In politics, we see a ‘paradigm shift’ occur generationally, which we are now seeing with the Conservatives in office, but not in power. Labour is a party heading for power, but not yet in office. Where do we as Liberal Democrats stand in this generational event, or could it be an event of a political realignment which usually happens once in a century? 

Antony Hook has started a serious debate about our long-term vision after the General Election. This article seeks to furtherer this debate, and will prove to be controversial to some readers. However, as Liberals we believe in free debate, as this is a fundamental right in a free and fair society and it is in this spirit, this article should be read. 

This article presumes that there will be two seismic political events next year, on which I will focus on the second one:

  1. General Election
  2. Conservative Leadership Election

With Keir Starmer likely to be Prime Minister after the General Election, the Conservatives will have a leadership election, which will lead to a civil war within their party.
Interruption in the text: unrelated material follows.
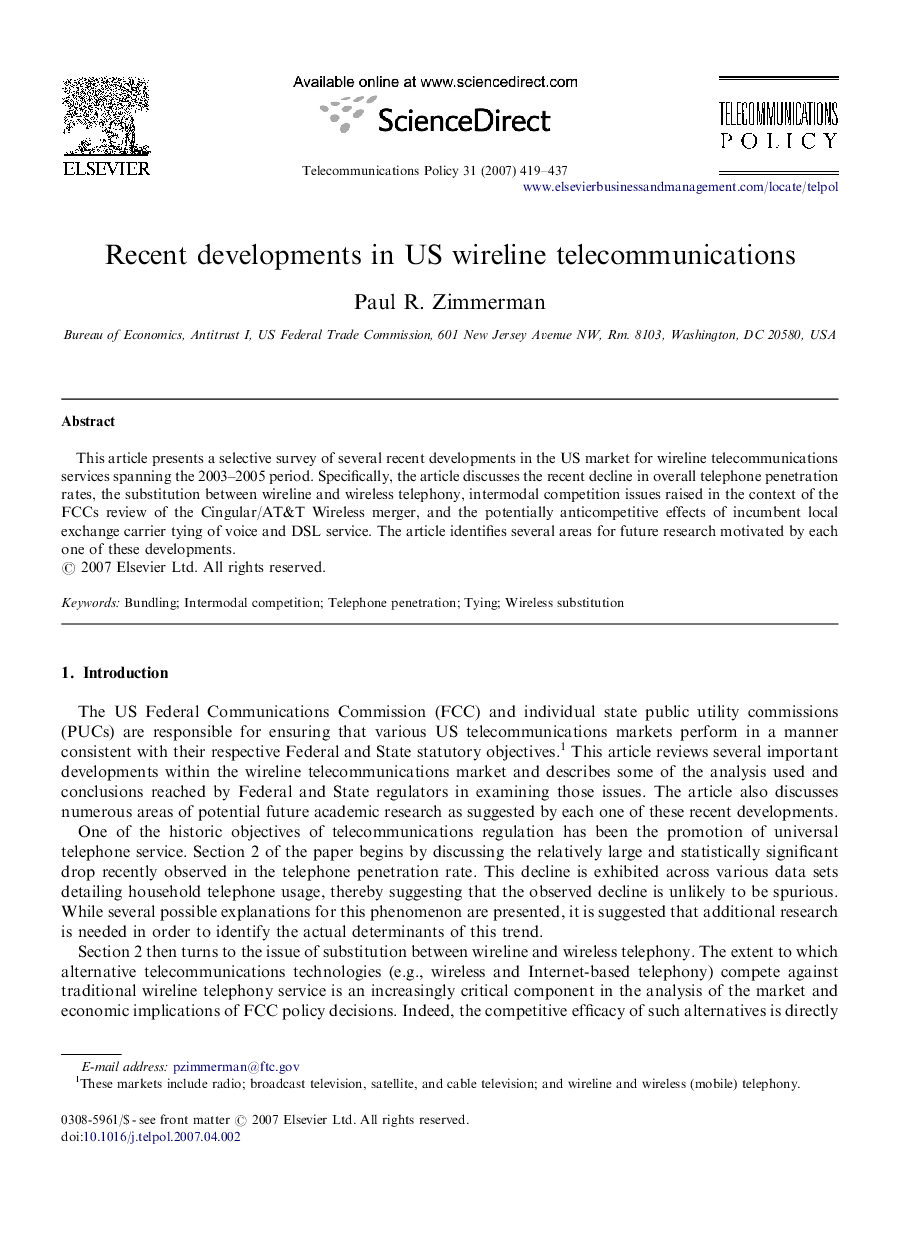 Recent developments in US wireline telecommunications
As Conservative Home points out, One Nation MPs have fallen out with the Conservative Grassroots. This has been further illustrated by Tim Montgomerie, who wrote that

He (Nigel Farage) got quite the reception. I’m convinced party members would choose him as leader if they could.

Rishi Sunak has even left the door for Nigel Farage to return to the Conservative Party. It is evident that Farage is seen as the doyen of Conservatism, and Liberal Conservatives may need to find a new political home after the General Election.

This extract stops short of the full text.